Input for this task:
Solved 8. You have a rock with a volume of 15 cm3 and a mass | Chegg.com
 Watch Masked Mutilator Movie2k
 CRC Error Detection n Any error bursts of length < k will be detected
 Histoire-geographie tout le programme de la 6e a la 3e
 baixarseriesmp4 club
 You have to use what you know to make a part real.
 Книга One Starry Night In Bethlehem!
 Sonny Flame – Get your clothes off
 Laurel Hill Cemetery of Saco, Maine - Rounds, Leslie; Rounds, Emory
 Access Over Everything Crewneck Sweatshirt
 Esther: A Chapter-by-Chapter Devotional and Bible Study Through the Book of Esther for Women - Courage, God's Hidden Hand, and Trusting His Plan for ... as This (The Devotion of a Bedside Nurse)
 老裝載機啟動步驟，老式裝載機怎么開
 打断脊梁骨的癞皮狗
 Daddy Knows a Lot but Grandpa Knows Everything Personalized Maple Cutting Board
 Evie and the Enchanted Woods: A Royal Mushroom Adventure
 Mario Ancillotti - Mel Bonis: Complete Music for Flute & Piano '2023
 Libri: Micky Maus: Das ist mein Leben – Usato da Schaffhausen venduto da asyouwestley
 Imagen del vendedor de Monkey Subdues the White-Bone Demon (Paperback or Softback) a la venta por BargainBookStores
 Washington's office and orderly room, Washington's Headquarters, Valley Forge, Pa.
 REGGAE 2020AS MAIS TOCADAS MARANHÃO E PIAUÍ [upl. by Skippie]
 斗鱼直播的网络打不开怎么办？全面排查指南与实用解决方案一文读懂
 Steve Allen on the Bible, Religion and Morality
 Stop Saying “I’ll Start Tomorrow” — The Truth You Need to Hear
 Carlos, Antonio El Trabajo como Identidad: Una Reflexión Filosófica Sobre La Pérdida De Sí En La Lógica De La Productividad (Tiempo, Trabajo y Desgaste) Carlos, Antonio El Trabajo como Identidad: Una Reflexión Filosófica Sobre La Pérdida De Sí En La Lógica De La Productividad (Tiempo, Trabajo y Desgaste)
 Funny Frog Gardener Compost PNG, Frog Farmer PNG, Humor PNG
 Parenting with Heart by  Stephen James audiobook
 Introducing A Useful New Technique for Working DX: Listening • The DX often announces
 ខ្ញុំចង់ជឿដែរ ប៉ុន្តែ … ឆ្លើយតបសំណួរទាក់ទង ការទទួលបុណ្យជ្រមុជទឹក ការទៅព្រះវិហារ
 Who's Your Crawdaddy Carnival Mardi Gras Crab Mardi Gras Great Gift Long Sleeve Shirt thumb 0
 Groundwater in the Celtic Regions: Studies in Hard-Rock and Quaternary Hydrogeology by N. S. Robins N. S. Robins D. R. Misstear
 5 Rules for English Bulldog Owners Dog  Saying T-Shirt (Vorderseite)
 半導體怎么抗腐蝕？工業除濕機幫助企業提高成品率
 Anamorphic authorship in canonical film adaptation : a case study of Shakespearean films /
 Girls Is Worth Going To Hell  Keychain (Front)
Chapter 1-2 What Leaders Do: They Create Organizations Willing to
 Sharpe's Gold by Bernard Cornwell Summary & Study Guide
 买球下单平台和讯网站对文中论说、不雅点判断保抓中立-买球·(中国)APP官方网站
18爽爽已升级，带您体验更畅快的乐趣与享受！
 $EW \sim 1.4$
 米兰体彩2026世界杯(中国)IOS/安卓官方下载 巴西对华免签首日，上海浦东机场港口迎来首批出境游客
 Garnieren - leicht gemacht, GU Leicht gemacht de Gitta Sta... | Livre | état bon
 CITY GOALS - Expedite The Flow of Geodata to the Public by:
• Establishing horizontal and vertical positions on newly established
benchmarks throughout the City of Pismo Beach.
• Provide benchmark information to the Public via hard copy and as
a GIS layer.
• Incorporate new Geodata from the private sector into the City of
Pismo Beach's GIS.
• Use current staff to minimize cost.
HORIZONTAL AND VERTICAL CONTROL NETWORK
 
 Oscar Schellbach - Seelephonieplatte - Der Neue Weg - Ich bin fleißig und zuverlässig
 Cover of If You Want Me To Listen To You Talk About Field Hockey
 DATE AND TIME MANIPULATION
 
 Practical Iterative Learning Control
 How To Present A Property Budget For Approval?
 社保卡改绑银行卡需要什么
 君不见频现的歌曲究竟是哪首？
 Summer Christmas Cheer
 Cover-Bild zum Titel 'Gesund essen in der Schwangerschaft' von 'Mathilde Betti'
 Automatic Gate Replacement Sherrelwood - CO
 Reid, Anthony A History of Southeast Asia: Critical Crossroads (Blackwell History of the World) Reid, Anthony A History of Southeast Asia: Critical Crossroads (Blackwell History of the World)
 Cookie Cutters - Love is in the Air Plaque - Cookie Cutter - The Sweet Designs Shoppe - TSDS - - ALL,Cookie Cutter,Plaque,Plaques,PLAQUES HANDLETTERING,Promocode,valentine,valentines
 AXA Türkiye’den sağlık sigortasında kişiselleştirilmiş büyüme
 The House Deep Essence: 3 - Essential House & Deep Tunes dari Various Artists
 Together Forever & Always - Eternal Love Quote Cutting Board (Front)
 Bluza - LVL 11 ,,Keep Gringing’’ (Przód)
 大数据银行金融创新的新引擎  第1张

Problem details: Across the data, how many lines contain the string "Chapter"? Only the number is wanted.

Written answer: 2